[COLLECTED MATERIAL]
##########
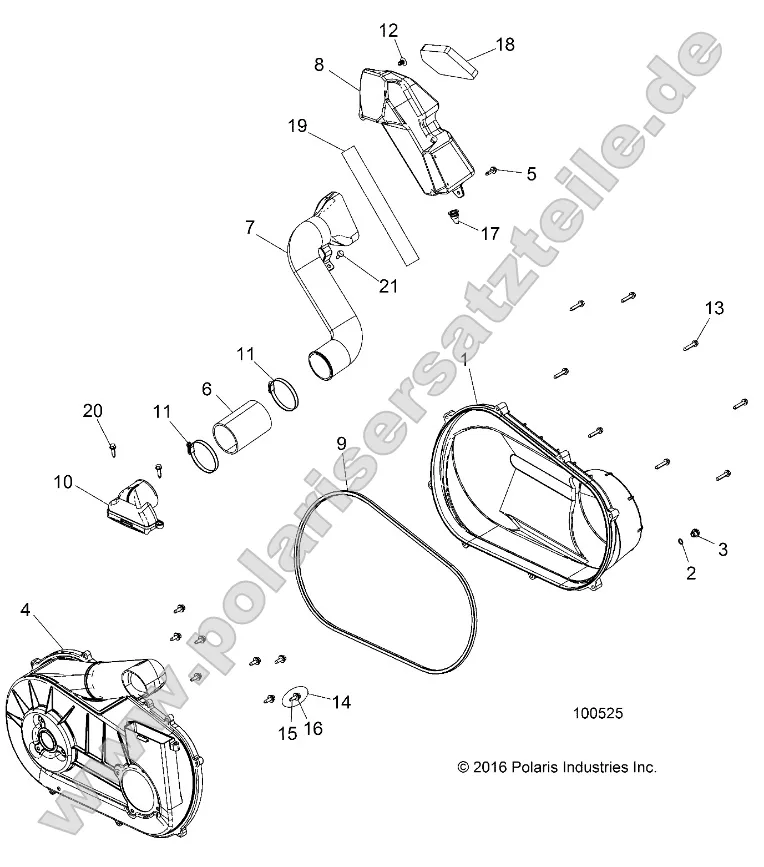 Drive Train, Clutch Cover and Ducting Drive Train, Clutch Cover and Ducting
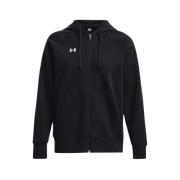 Zwarte Sweaters met Capuchon en Rits Under Armour , Black , Dames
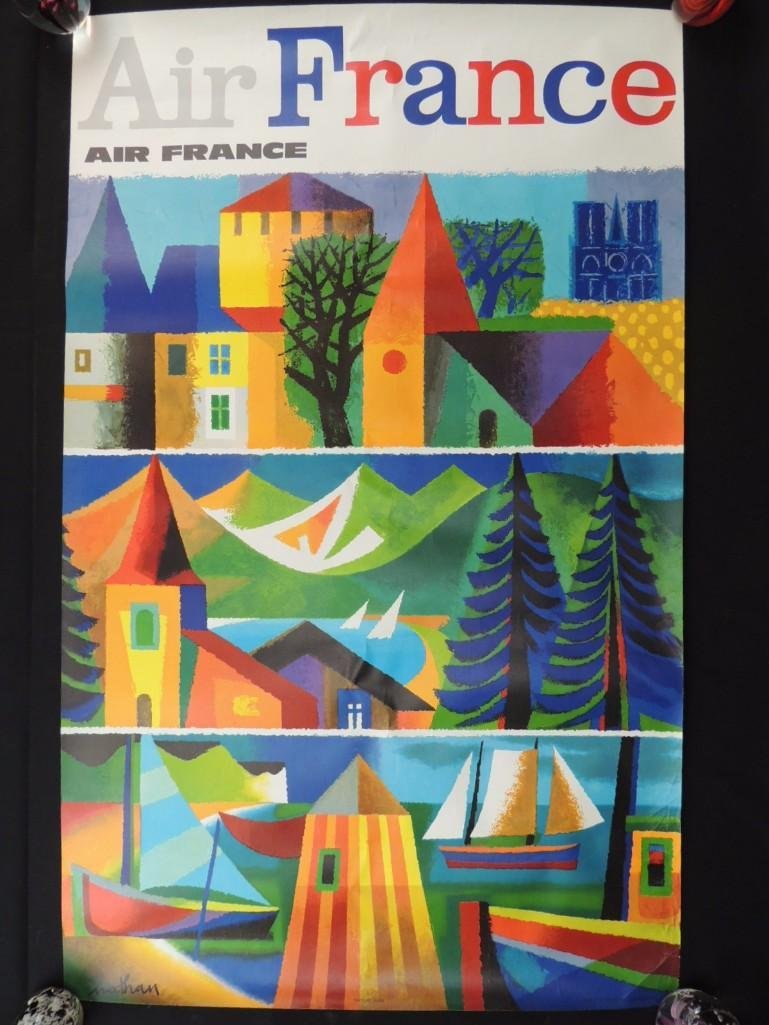 Air France Vintage Travel Poster Signed Bottom Left (1 of 5)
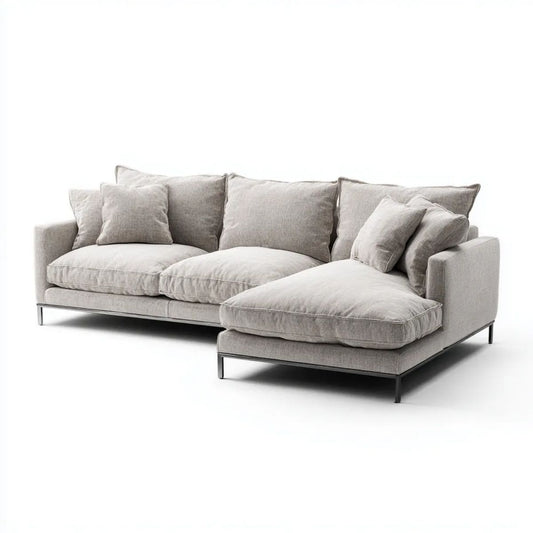 Sofa, 4 kwadratowe przezroczyste szare poliestrowe sofa z szezlongiem, 280 x 170 x 85 cm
##########
[PROBLEM STATEMENT]
Your copy should hold only the lines from the one containing "Air France Vintage" through the last line of the listing, both included, retyped exactly and free of pictures.

[WRITTEN SOLUTION]
 Air France Vintage Travel Poster Signed Bottom Left (1 of 5)
 Sofa, 4 kwadratowe przezroczyste szare poliestrowe sofa z szezlongiem, 280 x 170 x 85 cm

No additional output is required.